Task to complete
Restate word for word the lines of the entries below, starting with the line that holds "Chekharda Font icon" and ending with the line that holds "Black Matter - Чернение", and no others.

Data section
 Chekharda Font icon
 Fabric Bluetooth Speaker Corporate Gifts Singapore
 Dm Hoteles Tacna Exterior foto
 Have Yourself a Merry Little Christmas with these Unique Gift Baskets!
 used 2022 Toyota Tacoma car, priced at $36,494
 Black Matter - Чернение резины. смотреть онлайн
* * *
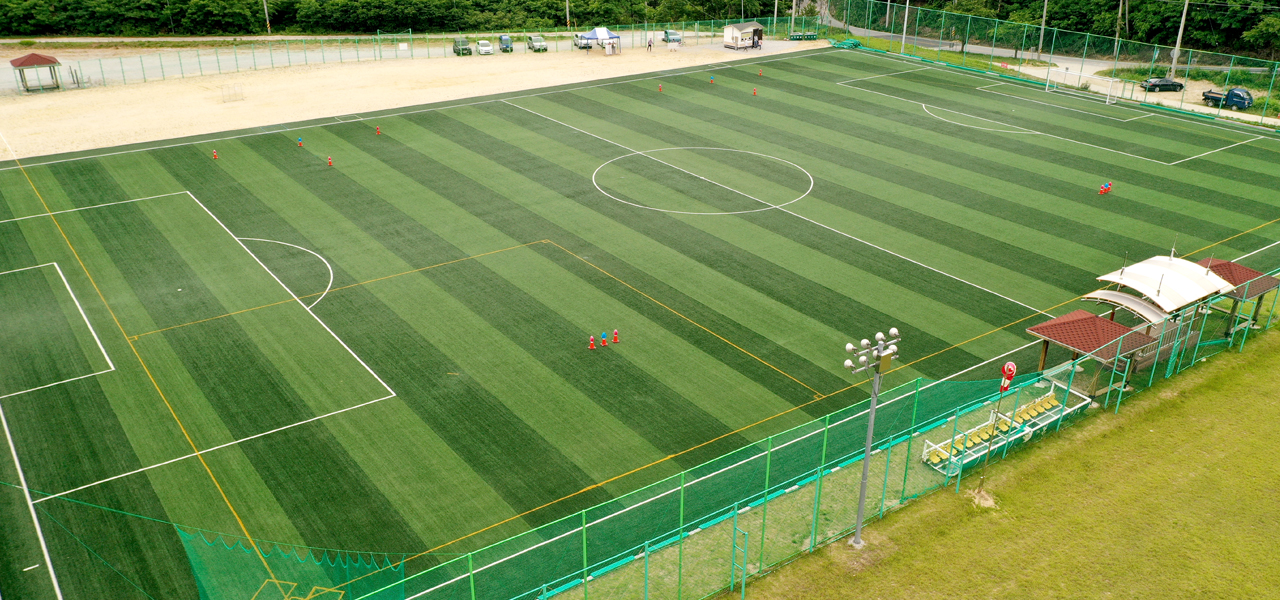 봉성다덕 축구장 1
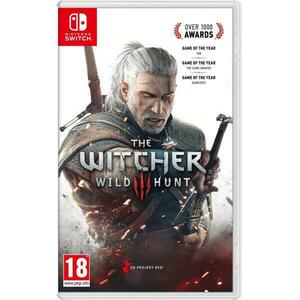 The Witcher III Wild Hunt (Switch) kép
==
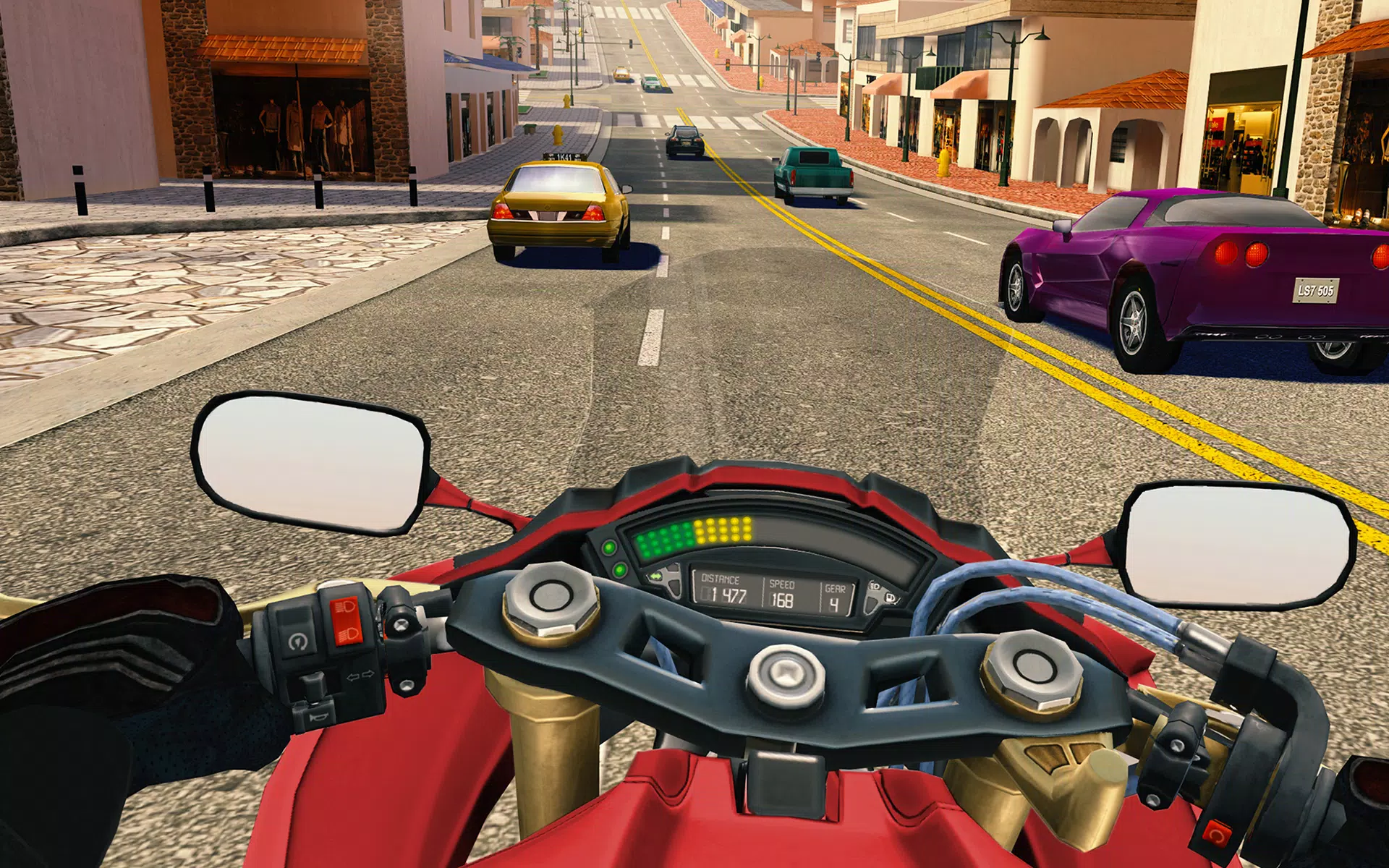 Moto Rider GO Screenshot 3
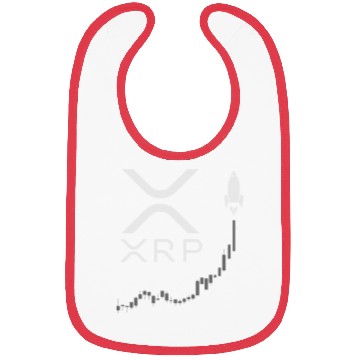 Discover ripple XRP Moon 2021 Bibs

Task answer
 Chekharda Font icon
 Fabric Bluetooth Speaker Corporate Gifts Singapore
 Dm Hoteles Tacna Exterior foto
 Have Yourself a Merry Little Christmas with these Unique Gift Baskets!
 used 2022 Toyota Tacoma car, priced at $36,494
 Black Matter - Чернение резины. смотреть онлайн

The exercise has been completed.